Quanto all’impatto sulla legislatura in corso, non vi sono dubbi che vi sarebbero degli effetti giuridico-costituzionali. Va infatti considerato che le sentenze di annullamento della Corte costituzionale non valgono solo per il futuro, ma hanno effetto retroattivo, a meno che le situazioni del passato non siano ormai giuridicamente definite e concluse. A tal proposito è fondamentale rilevare che le elezioni del febbraio 2013, che hanno dato vita all’attuale Parlamento, non sono state ancora convalidate. Quindi non si può parlare di rapporti e procedimenti “chiusi”. Conseguentemente le giunte chiamate alla convalida delle elezioni non potranno non tenere conto della dichiarazione di incostituzionalità. E dunque:

a) nel caso in cui la Corte costituzionale proceda a un annullamento totale della legge (o anche alla reviviscenza della legge Mattarella) non si potrebbe convalidare nessuna elezione e l’esito sarebbe il necessario scioglimento nel giro di qualche settimana, magari con una legge elettorale tampone approvata con decreto-legge del tutto eccezionalmente e limitata a colmare i vizi di incostituzionalità del Porcellum;

b) nel caso di annullamento del solo premio di maggioranza bisognerebbe, invece, ricalcolare proporzionalmente i seggi e assegnarli ai partiti a cui sono stati sottratti per attribuirli alla coalizione che ha vinto il premio ormai illegittimo. La nuova ripartizione dei seggi produrrebbe evidentemente un terremoto nei rapporti di forza parlamentari;

c) nel caso in cui la Corte accertasse l’incostituzionalità, ma non la dichiarasse ovvero decidesse di circoscrivere gli effetti temporali della propria pronunzia alle prossime elezioni, salvando la legislatura attuale, non vi sarebbero effetti giuridici, ma è evidente che una tale soluzione (già molto impegnativa per la Corte) produrrebbe comunque una gravissima delegittimazione politica non solo del Parlamento nel suo complesso, ma anche dei rapporti numerici all’interno della maggioranza di governo e tra questa rispetto all’opposizione.

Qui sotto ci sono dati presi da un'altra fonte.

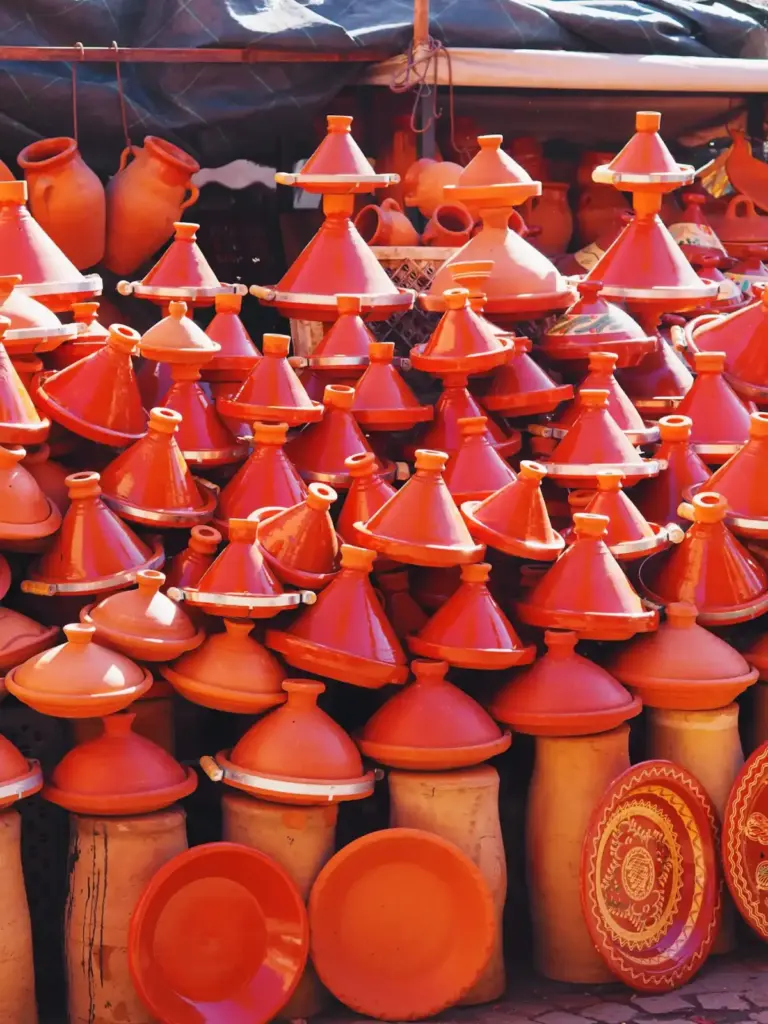 Tajines en terre cuite alignés au marché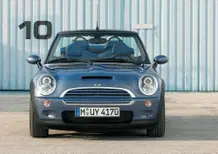 MINI, 25 anni in Italia: 350.000 ancora su strada e ora la Countryman punta allo sterrato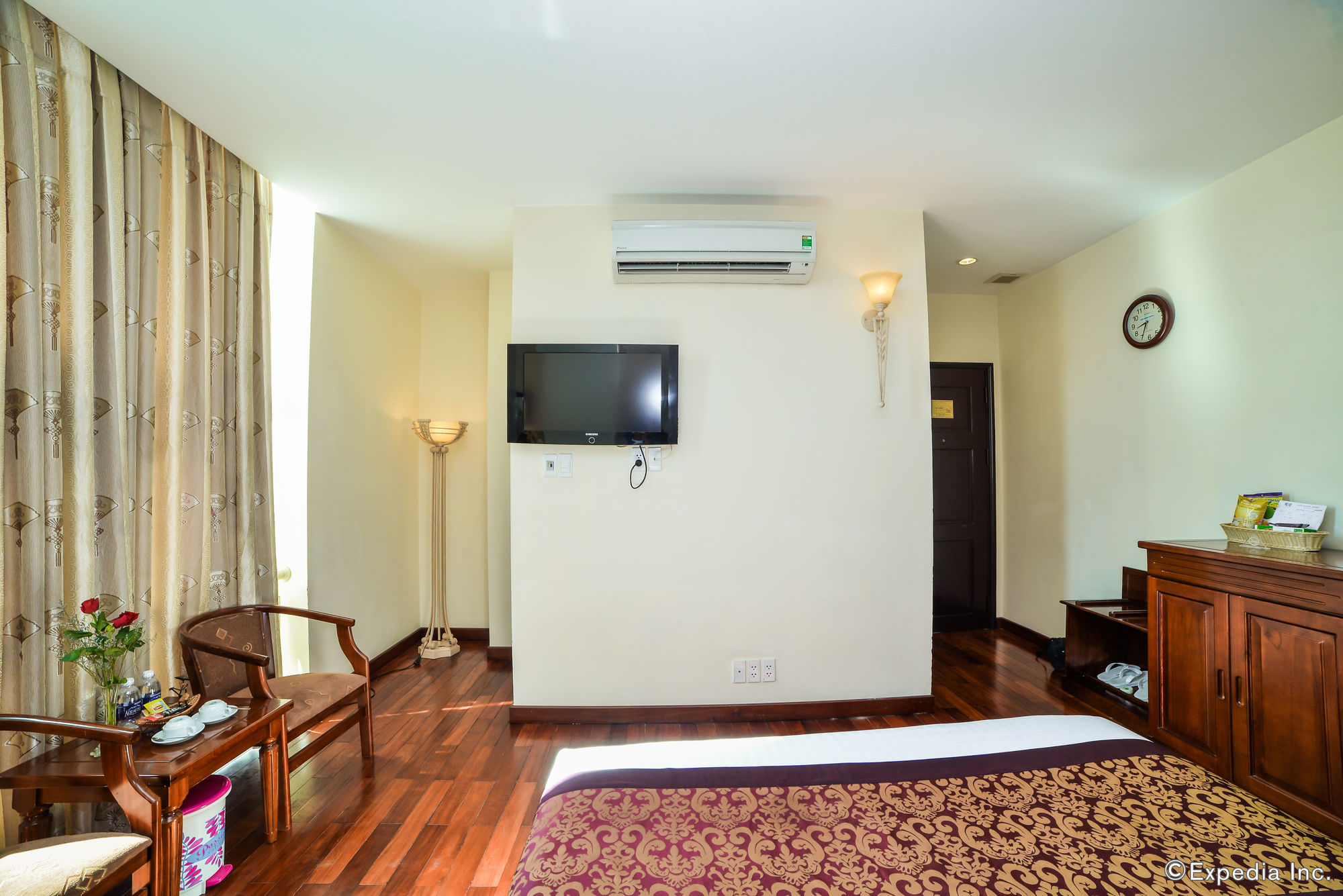 Фото Sun River Hotel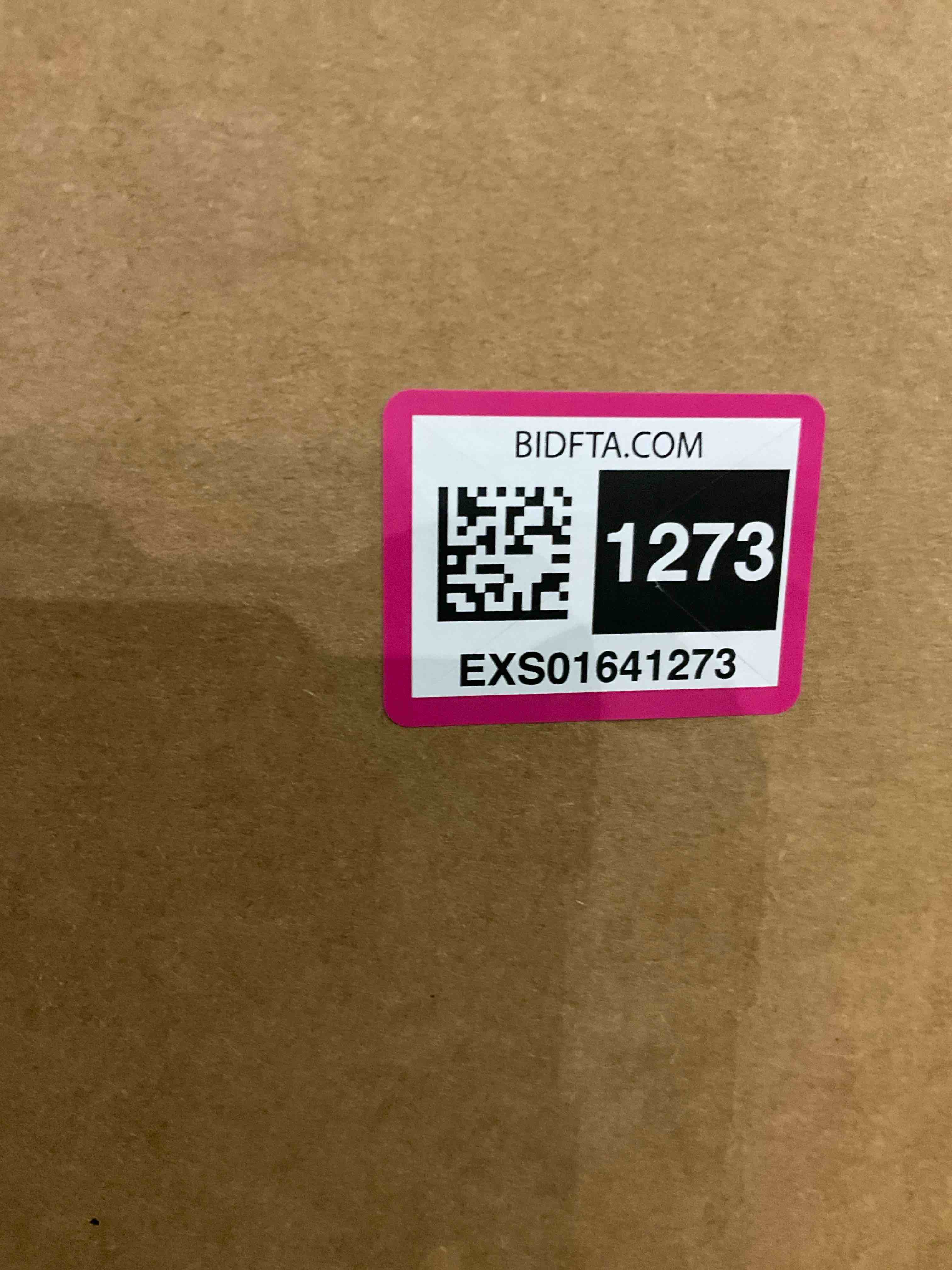 https://s3.amazonaws.com/lotting-images-prod/BargainHunt/EXS01641273_1721824548073.jpeg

Quanto poi al problema della nuova legge elettorale, essa dovrebbe venire adottata dal Parlamento nella “nuova” composizione a seguito della ridefinizione dell’assegnazione dei seggi o dal governo con un decreto legge di emergenza limitato a tamponare la situazione in vista dell’elezione di un nuovo Parlamento legittimo cui spetterebbe di riesaminare la questione.